A Memoir
By Glennon Doyle
I sit and stare at my hands and I remember a story I saw on the news about a woman who had a stroke and lost all her language overnight. When she woke up, her mind functioned perfectly, but she couldn’t speak. So she just lay there and tried to use her eyes to communicate her terror about being trapped inside herself. Her family couldn’t translate what her eyes were saying. They thought she was brain-dead. It’s like that for me, too. I’m here. I am good on the inside. I have things to say. I need help getting out. I do love you. My secret is that I’m good in here. I am not heart-dead. This is a secret that no one knows but me. And now, even the people who love me the most are tired of searching for me inside here. They are giving up hope that I’m still alive. They are thinking about calling off the rescue effort. Because even if I am still alive, I am not a sympathetic case. I did not have a stroke. I’ve done this to myself. I’ve trapped myself. And maybe I’m not in there after all. Maybe this me they can see is all there is, all there ever was.

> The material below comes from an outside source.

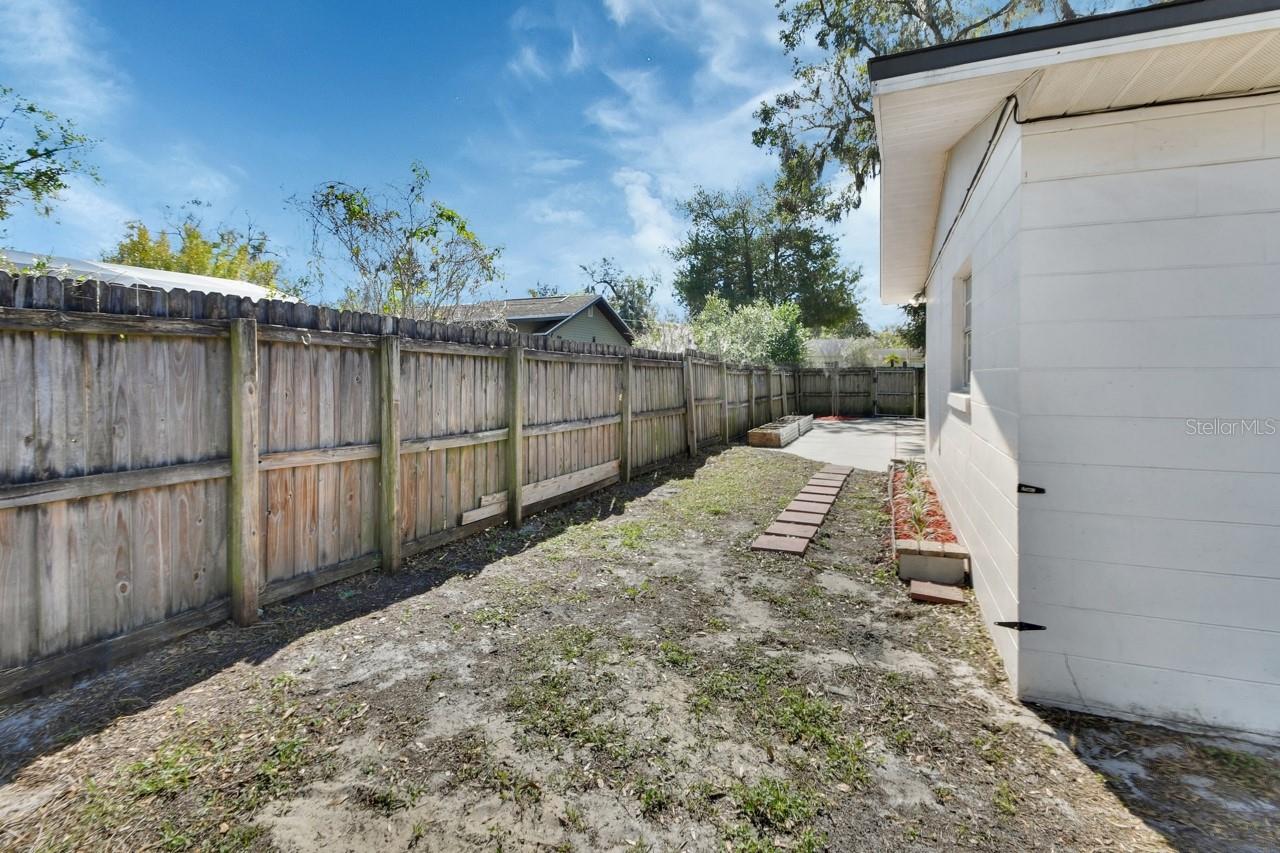 129 S MARYDELL AVE, DELAND, FL, 32720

(Doyle and Melton 2017, 49-50)
In all my close friendships, words are the bricks I use to build bridges. To know someone I need to heart her, and to feel known, I need to be heard by her. The process of knowing and loving another person happens for me through conversation. I reveal something to help my friend understand me, she responds in a way that assures me she values my revelation, and then she adds something to help me understand her. This back-and-forth is repeated again and again as we go deeper into each other’s hearst, minds, pasts, and dreams. Eventually, a friendship is built – a solid, sheltering structure that exists in the space between us – a space outside of ourselves that we can climb deep into. There is her, there is me, and then there is our friendship – this bridge we’ve built together.
(Doyle and Melton 2017, 93-94)
I marvel at the honesty and pain. Many messages are from people I’ve known for years, but I’m discovering that I never really knew them. We’ve spent our time together talking about everything but what matters. We’ve never brought to each other the heavy things we were meant to help each other carry. We’ve only introduced each other to our representatives, while our real selves tried to live life alone. We thought that was safer. We thought that this way our real selves wouldn’t get hurt. But as I read these messages, it becomes clear that we are all hurting anyway. And we think we are alone. At our cores, we are our tender selves peeking out at a world of shiny representatives, so shame has been layered on top of our pain. We’re suffocating underneath all the layers.
(Doyle and Melton 2017, 113)
We are easier to understand as characters than as real people.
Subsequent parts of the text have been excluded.